Intentional simplifications vs Swift

  • FocusGuard.withFocusSuppressed ships layer 3 only — see Per-action focus suppression. The reactive suppressor is wired up across the 7 action tools; the enablement (AXManualAccessibility/AXEnhancedUserInterface) and synthetic-focus (AXFocused/AXMain write+restore) layers are deferred because the AX assertion + attribute-write plumbing isn't yet ported. Empirically the layer-3 guard combined with WindowChangeDetector's wildcard catches the majority of side-effects on real-world workflows.
  • WindowChangeDetector ported and wired — see Per-action focus suppression.
  • Janitor uses tokio::sync::watch — Swift uses Task cancellation; Rust's tokio idiom is the watch-channel select pattern. Behavior is identical: idle dispatcher → janitor sleeps; new entry → janitor wakes; map drains → janitor exits and waits for the next add.

Per-action focus suppression

Per-action wrap around the 7 macOS action tools (click, type_text, hotkey, press_key, drag, scroll, set_value) that catches side-effect side-effects of dispatching an action on a backgrounded app — Safari opening a new tab in response to AXPress, a "Sign In" button opening a sheet, an autocomplete popover floating into view, etc.
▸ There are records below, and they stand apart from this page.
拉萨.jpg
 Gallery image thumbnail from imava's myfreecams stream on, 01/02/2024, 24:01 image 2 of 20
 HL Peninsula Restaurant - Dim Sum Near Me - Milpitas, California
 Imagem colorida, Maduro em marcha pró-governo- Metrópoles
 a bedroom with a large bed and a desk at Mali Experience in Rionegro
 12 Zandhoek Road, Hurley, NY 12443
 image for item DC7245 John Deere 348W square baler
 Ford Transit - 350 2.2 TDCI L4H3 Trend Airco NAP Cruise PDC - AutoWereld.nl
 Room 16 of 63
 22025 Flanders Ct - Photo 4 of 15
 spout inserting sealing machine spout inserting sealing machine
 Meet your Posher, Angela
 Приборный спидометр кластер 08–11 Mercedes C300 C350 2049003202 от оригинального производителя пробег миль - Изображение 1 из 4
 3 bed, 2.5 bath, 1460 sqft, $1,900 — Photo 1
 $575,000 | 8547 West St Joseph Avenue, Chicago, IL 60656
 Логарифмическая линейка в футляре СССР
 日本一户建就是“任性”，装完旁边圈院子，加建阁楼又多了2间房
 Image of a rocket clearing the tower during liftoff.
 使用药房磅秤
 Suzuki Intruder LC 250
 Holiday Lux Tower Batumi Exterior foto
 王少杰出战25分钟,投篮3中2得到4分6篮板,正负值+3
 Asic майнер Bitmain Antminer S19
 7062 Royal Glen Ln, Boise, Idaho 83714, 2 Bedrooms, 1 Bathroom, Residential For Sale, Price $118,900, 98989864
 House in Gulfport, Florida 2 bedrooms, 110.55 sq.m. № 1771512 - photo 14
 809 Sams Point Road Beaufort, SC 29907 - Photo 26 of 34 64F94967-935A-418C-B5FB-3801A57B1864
Mirrors Swift's WindowChangeDetector + FocusGuard cross-cutting helpers wired into ClickTool / TypeTextTool / SetValueTool.

  • Swift:
    • libs/cua-driver/Sources/CuaDriverServer/Tools/WindowChangeDetector.swift
    • libs/cua-driver/Sources/CuaDriverCore/Focus/FocusGuard.swift
  • Rust:
    • crates/platform-macos/src/window_change_detector.rs
    • crates/platform-macos/src/focus_guard.rs
  • Status: macOS VERIFIED (action tools wired up; result-suffix wording matches Swift verbatim). windows/linux N/A (different focus model).
  • Tests:
    • Rust unit: window_change_detector::tests (8 cases — diff + result_suffix branches) and focus_guard::tests (4 cases — arm/skip lifecycle).
    • Integration: existing tests/integration/test_focus_steal_parity.py
      • tests/integration/test_api_parity.py — confirmed no regression after the action-tool wiring (identical pass/fail to main).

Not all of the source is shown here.